I recommend taking the time to set up your first project in the dbt Cloud UI (and working with a dbt Labs Resident Architect to help!) to set the initial frame for the configurations other projects should inherit. This unblocks you from needing to figure out Terraform before being able to get value out of dbt Cloud, and will actually help us save time as we can download these initial configurations from dbt Cloud into pre-built terraform resources via the dbtcloud-terraforming package. We won’t get into the details of this initial setup, that’s a topic for another tutorial, but you should create the project, global connections, environments, and jobs to start.
Terraform takes a terraform.tfvars
file for your credentials etc. We can use environment variables to pass values here (such that we can automate the deployment process) using the pattern TF_VAR_variable_name
. See docs.

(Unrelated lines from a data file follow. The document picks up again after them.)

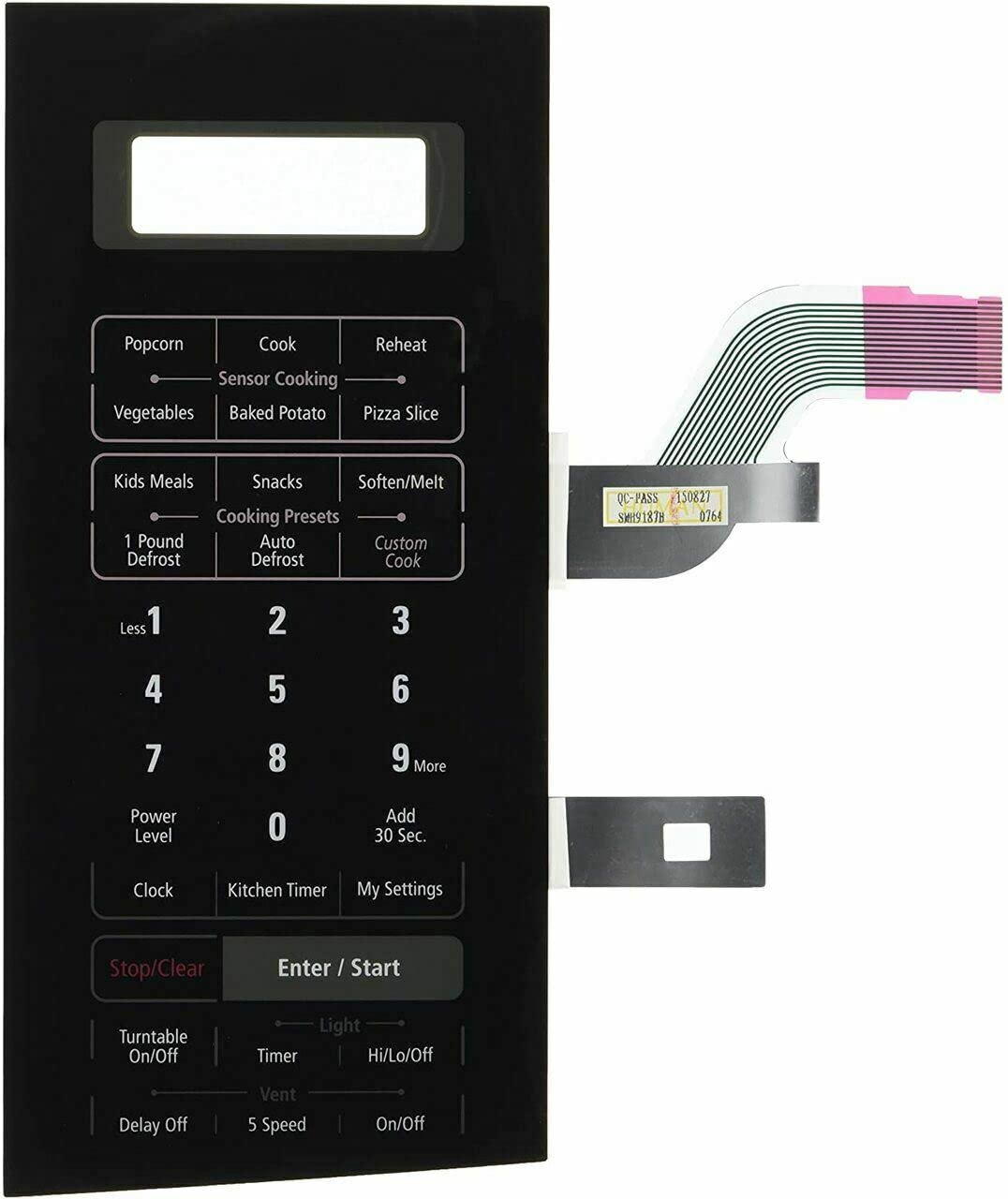 Samsung Microwave Switch Membrane Replacement DE34-00330C - Compatible with Smh9187B Models | Perfect for DIY Appliance Repair & Microwave Maintenance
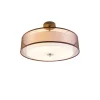 QAZQA Deckenleuchten|Wohnzimmerlampen*Moderne Deckenleuchte braun mit weiß 50 cm 3 Lichter - Drum Duo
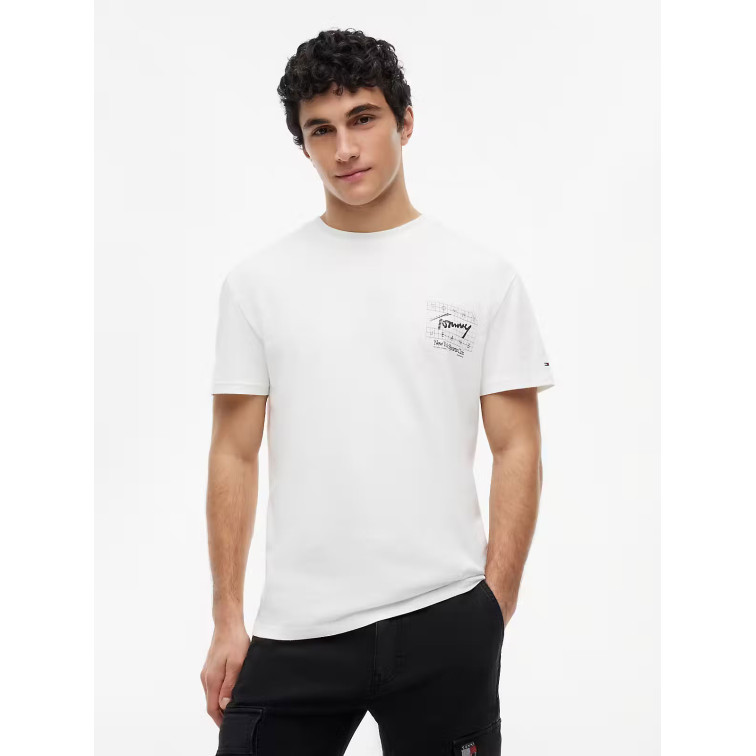 CAMISETA HOMBRE  TOMMY HILFIGER TJM REG SIGN FLAG SS TEE EXT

For this project, we’ll define values for our dbt Cloud account ID, access token, and host url.
TF_VAR_dbt_account_id
TF_VAR_dbt_token
TF_VAR_dbt_host_url
To use, go ahead and copy this template repository to your organization and start up a codespace on this repo. Review the Dockerfile and devcontainer configuration if you wish, but this will set up a development environment that pulls down your current dbt Cloud resource configurations into a few files. From here, you can push these files to a feature branch and open your first pull request on this repository.
Upon merge, a deployment action will run that updates the infrastructure and stores the state in a Github artifact.
Disclaimer: This template repo gives you some tools to manage Terraform state from entirely within Github, this likely isn't a best practice for your organization as you should probably use an external tool to do this like Terraform Cloud or an external storage bucket. In this implementation, we make use of Github Artifacts which are usually limited to 90 days of storage if they go untouched. To emulate state locking in other solutions, we prevent concurrent builds from ocurring via a configuration in the deployment action, but this probably isn't as full featured as another solution.